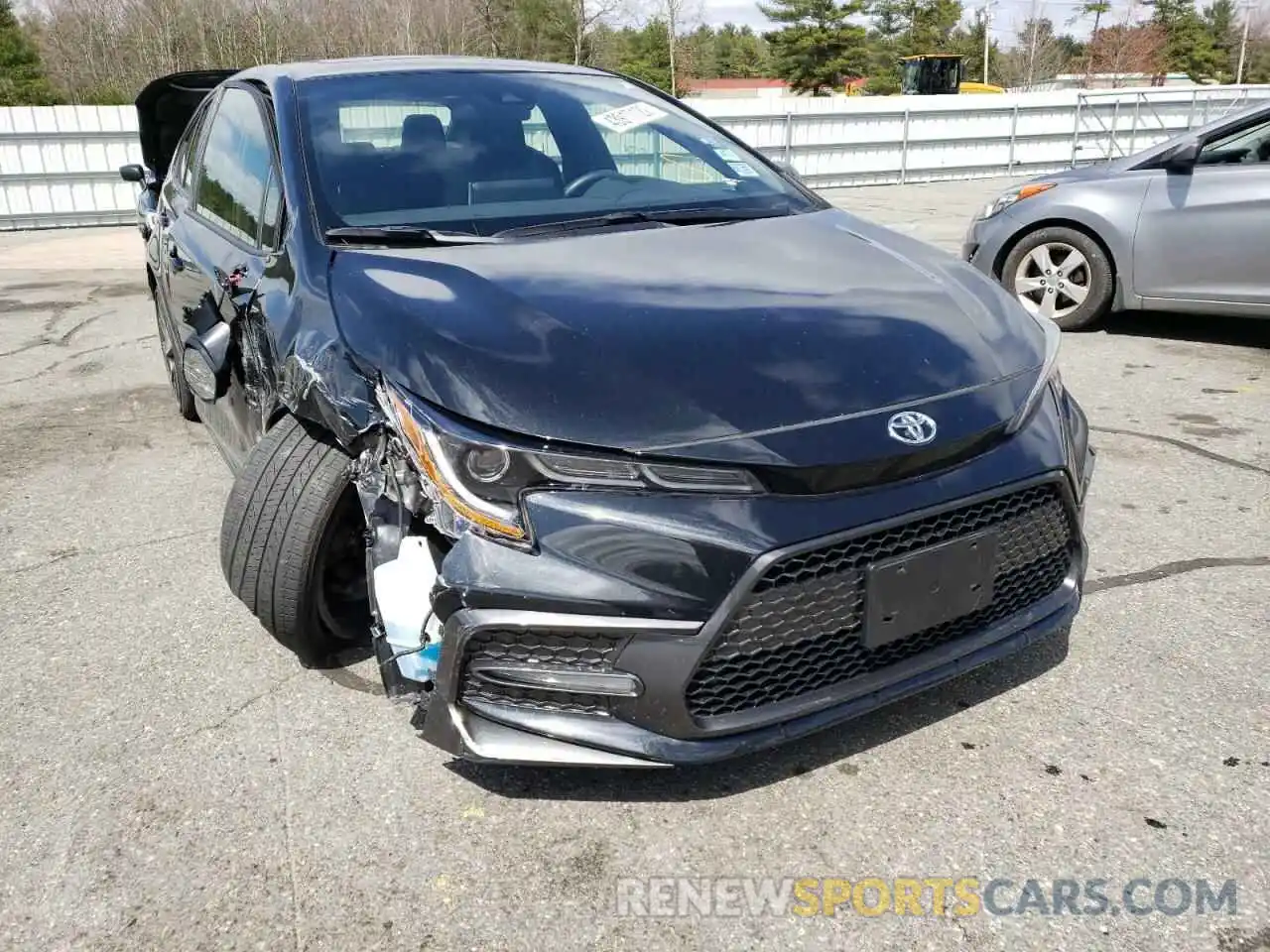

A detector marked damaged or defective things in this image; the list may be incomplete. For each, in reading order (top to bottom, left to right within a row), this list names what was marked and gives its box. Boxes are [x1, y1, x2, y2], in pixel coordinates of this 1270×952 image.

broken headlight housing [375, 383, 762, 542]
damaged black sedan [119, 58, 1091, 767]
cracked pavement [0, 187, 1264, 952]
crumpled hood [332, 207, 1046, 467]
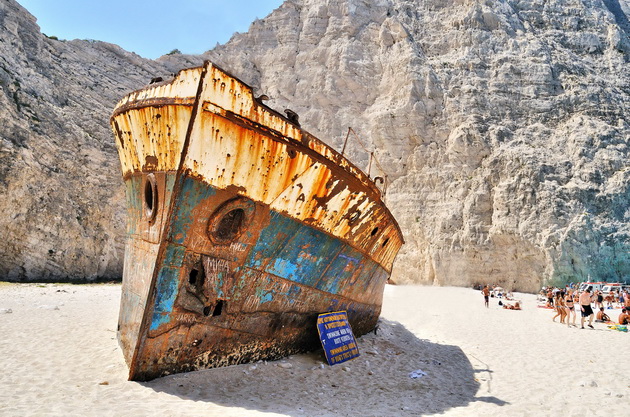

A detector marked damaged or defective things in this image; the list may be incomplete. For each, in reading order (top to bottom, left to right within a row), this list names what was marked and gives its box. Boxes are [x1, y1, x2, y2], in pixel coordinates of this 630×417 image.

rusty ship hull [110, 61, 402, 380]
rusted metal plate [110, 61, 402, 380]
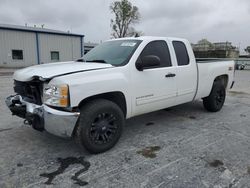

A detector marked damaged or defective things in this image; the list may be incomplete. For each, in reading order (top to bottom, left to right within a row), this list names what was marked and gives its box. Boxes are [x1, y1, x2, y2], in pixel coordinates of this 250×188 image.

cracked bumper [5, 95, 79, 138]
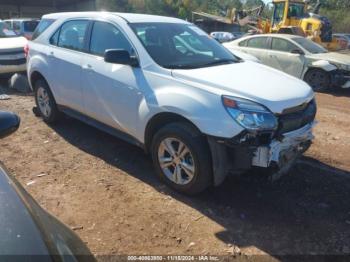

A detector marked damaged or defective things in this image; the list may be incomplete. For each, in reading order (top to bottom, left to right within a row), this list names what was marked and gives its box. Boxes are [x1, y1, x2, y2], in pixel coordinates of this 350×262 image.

○ ○ ○ ○ ○

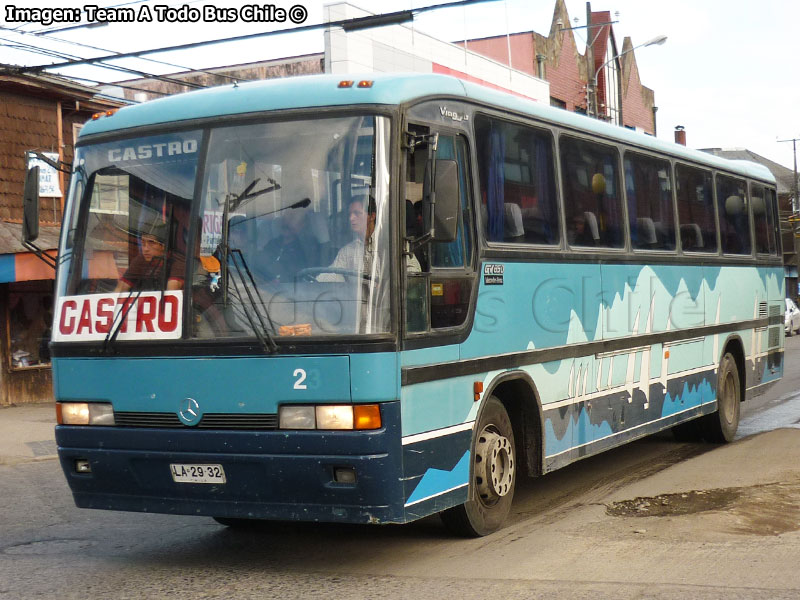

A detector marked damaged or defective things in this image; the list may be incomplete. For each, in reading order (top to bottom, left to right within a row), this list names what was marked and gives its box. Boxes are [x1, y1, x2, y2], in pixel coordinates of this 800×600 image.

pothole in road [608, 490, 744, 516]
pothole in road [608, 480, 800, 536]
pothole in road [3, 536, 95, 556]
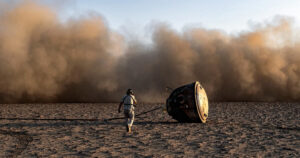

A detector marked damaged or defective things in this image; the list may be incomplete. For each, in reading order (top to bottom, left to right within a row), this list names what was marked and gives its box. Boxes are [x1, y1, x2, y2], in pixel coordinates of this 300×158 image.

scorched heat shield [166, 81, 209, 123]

○ ○ ○ ○ ○

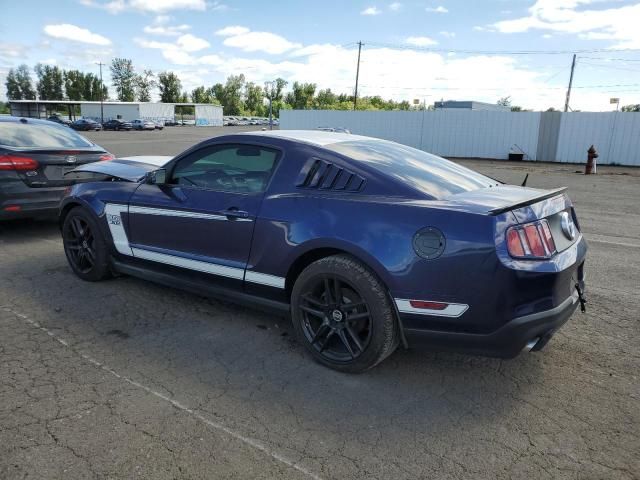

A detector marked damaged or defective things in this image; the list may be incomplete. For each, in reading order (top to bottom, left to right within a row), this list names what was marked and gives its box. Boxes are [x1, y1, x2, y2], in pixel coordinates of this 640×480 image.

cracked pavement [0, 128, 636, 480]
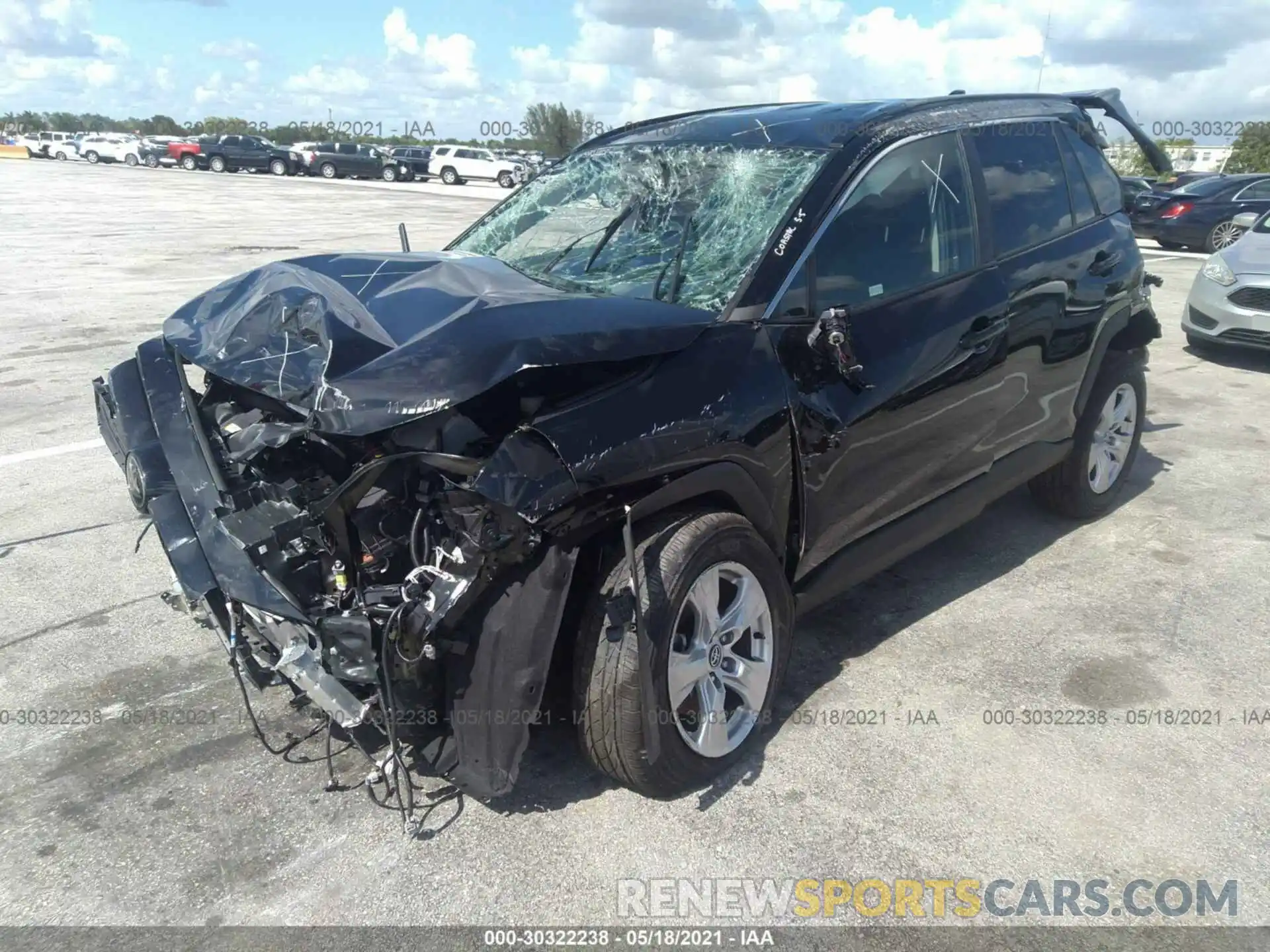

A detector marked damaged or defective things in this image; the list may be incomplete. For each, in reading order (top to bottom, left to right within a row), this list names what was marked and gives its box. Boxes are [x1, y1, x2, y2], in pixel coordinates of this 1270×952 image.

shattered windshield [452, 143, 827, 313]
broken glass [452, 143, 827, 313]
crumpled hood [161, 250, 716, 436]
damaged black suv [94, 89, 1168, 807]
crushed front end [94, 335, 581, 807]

○ ○ ○ ○ ○

[WHAT NEEDS TO BE DONE] Look above for the line with "this 250×188 image." and the line with "this 350×262 image.", then restate exactly those two lines and all lines between them, with no pictures.

[EXPECTED ANSWER]
A detector marked damaged or defective things in this image; the list may be incomplete. For each, in reading order (top to bottom, left to right within a row), this list names what was marked and gives its box. Boxes are [x1, y1, x2, y2], in pixel coordinates of this 250×188 image.

cracked bumper [5, 95, 79, 138]

A detector marked damaged or defective things in this image; the list may be incomplete. For each, in reading order (top to bottom, left to right within a row), this list names what was marked and gives its box. Boxes are [x1, y1, x2, y2], in pixel coordinates of this 350×262 image.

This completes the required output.